## ASSIGNMENT
Look through the records and report how many lines include the word "home", with no other words.
**** EXTRACTED ENTRIES
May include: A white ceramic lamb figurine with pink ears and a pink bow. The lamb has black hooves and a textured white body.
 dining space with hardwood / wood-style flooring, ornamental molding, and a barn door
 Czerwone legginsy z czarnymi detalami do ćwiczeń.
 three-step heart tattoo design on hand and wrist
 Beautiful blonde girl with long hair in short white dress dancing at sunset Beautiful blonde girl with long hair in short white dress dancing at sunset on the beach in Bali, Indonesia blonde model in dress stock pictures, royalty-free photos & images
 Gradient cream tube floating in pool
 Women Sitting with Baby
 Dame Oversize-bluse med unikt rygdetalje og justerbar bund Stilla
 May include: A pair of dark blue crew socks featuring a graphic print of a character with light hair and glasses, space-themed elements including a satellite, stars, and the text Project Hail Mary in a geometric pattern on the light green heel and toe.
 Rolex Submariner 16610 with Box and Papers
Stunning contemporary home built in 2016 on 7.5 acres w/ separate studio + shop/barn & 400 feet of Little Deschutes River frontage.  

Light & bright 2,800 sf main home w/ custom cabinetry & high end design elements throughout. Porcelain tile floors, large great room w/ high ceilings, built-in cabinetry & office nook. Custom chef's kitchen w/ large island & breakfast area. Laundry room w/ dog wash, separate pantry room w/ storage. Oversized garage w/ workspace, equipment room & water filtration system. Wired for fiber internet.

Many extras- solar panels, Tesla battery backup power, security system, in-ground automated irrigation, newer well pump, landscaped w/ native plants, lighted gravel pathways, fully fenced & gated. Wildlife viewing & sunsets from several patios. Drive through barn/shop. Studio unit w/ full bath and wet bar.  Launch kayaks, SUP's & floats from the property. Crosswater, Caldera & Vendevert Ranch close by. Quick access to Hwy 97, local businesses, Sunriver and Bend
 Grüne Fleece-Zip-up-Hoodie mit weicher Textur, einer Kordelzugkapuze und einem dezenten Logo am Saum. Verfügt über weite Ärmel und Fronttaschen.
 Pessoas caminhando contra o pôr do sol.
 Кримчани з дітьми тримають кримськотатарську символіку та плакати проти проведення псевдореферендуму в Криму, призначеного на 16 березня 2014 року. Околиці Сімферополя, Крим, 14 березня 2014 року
********
## EXERCISE SOLUTION
2